The paper builds on the modeling and peer-reviewed research underlying the Technical Assessment Report of the EPA and the National Highway Traffic Safety Administration for the midterm review of the US passenger vehicle greenhouse-gas emission regulation. It incorporates subsequent industry research and new modeling of advanced vehicle technologies, such as cylinder deactivation, high-compression Atkinson-cycle engines, lightweighting, and mild hybridization. On that expanded evidence base, it updates the EPA's and NHTSA's technology and cost assessments for 2025, and projects those cost and innovation trends out to 2030.

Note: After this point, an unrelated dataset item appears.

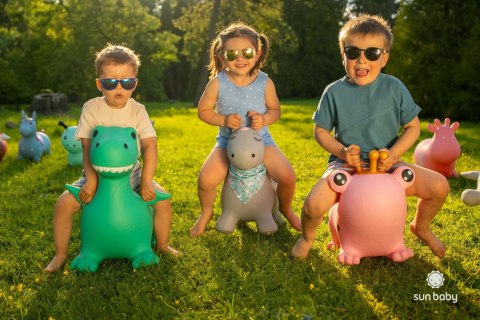 Skoczek gumowy dla dzieci ŻABA do skakania 55 cm różowy z pompką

This analysis explores the technology implications of the shift to increased efficiency and lower CO2 emissions in 2025–2030. Three key findings:
- Advanced conventional power trains could dominate in the near term. Emerging technologies are pushing back the efficiency frontier of the internal combustion vehicles. Feasible and cost-effective efficiency gains 8% to 10% greater than those projected in the latest U.S. regulatory analysis could be realized by 2025. Technologies such as cylinder deactivation, high-compression Atkinson-cycle engines, lightweighting, and mild hybridization will allow internal combustion to dominate automakers’ strategies to comply with adopted 2025 standards.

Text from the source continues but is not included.